TASK BRIEF
Please set down, with no changes, every line of the material below from the one containing "Newborn Infant Baby" through the end. Skip the pictures.

THE DATA
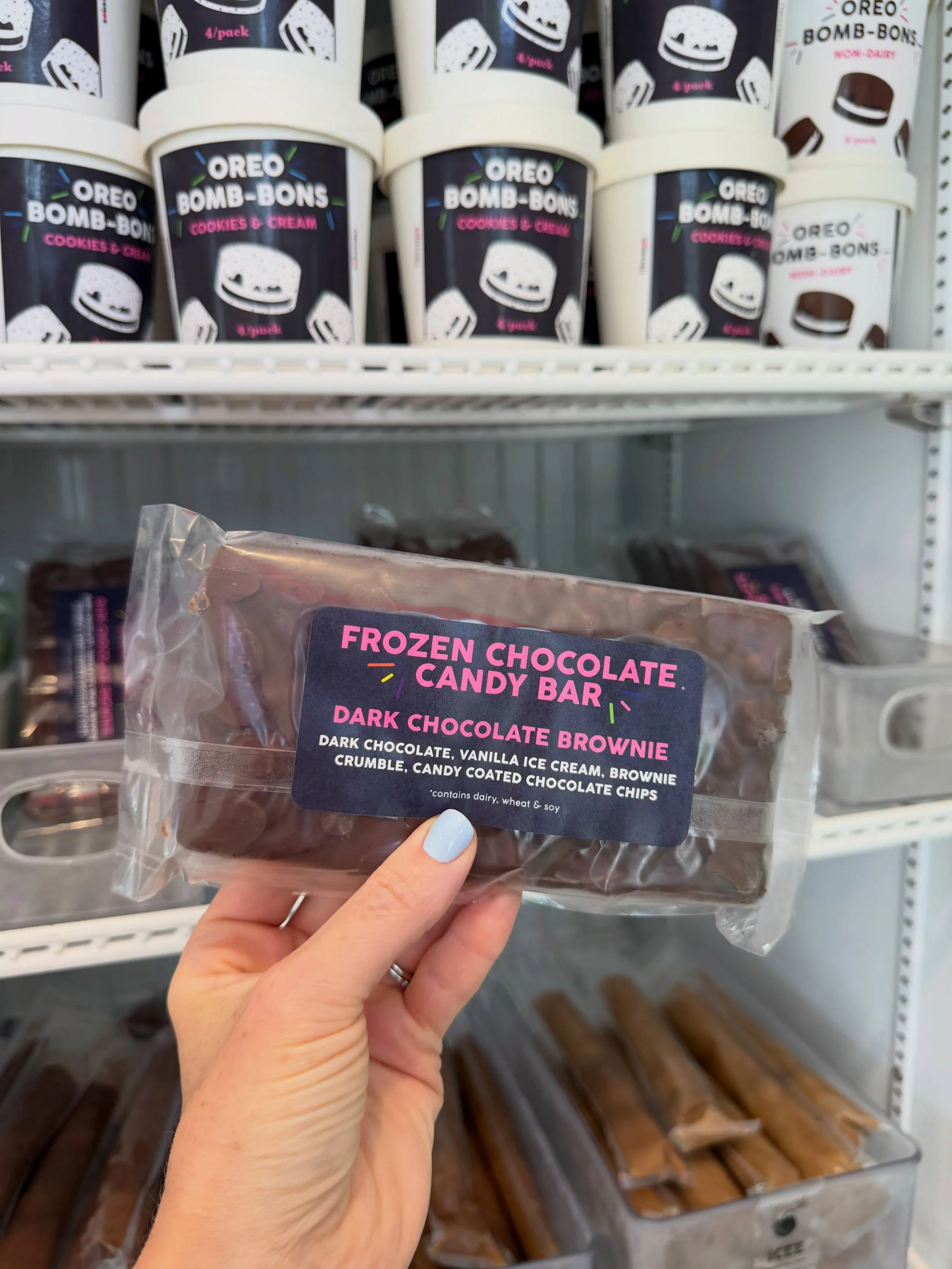 ice cream packed frozen chocolate bars ✨🍫🍦 open 12-9!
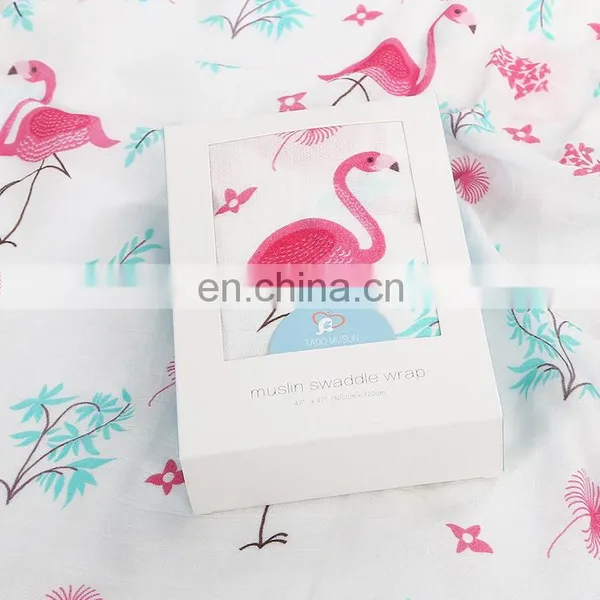 Newborn Infant Baby Security Blanket Wrap 2017 Fashion Cheap Cotton Flamingo Muslin Baby Swaddle Blankets photo-2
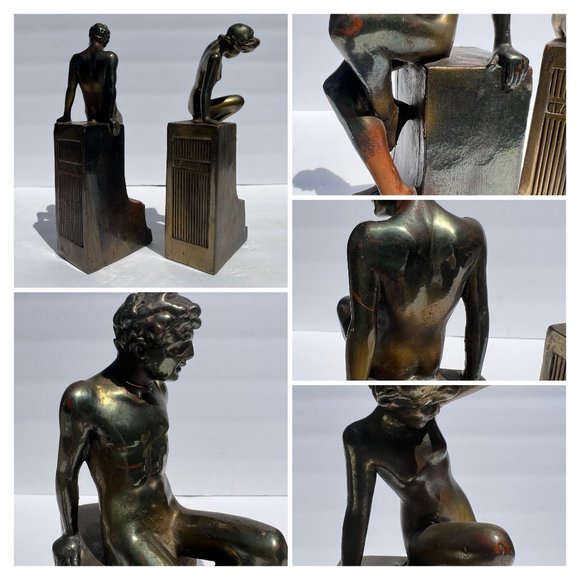 Bronze Bookends Nude Man Woman Art Nouveau Sculpture Circa 1916 “Classic Art” - Picture 9 of 16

THE ANSWER
 Newborn Infant Baby Security Blanket Wrap 2017 Fashion Cheap Cotton Flamingo Muslin Baby Swaddle Blankets photo-2
 Bronze Bookends Nude Man Woman Art Nouveau Sculpture Circa 1916 “Classic Art” - Picture 9 of 16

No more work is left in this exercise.